|
When I read a paper like this I'm looking for four things: (1) the data, (2) the benchmarks, (3) the architecture, (4) the controls/ablation. 1. The data: "We used a sample of 1,085,795 participants from three countries (the U.S., the UK, and Canada; see Table 1) and their self-reported political orientation, age, and gender. Their facial images (one per person) were obtained from their profiles on Facebook or a popular dating website... Facial images were processed using Face++37 to detect faces. Images were cropped around the face-box provided by Face++ (red frame on Fig. 1) and resized to 224 × 224 pixels." 2. The benchmarks: "For example, when asked to distinguish between two faces—one conservative and one liberal—people are correct about 55% of the time." 3. The controls: "What would an algorithm’s accuracy be when distinguishing between faces of people of the same age, gender, and ethnicity? To answer this question, classification accuracies were recomputed using only face pairs of the same age, gender, and ethnicity." A. A complaint: Geography and income are two powerful conditioners.

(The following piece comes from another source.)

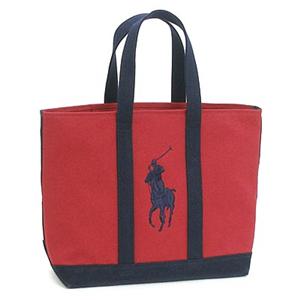 Ralph Lauren�i�����t���[�����j 659PPTP PONY PLAYER �g�[�g RED/NV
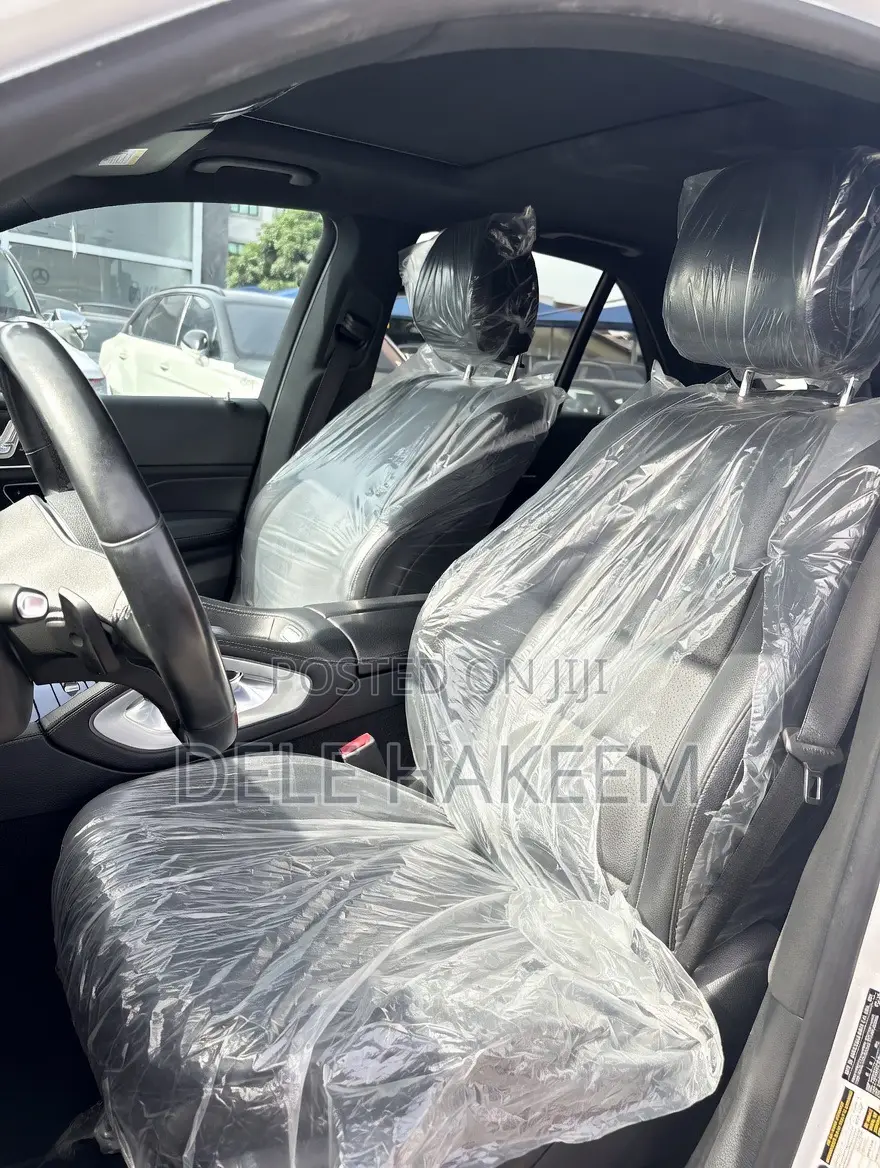 Mercedes-Benz GLE-Class GLE 350 4MATIC 2020 White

These can leak in so many ways: uncropped background (geography), image color and quality (income), eyeglass shape (geography and income). This study really needs more controls. Geography and income would be a nice start. |
> Their facial images (one per person) were obtained from their profiles on Facebook or a popular dating website
so of course the first thing to comes to mind is "how good of a predictor is just knowing which of those two sites the image came from?"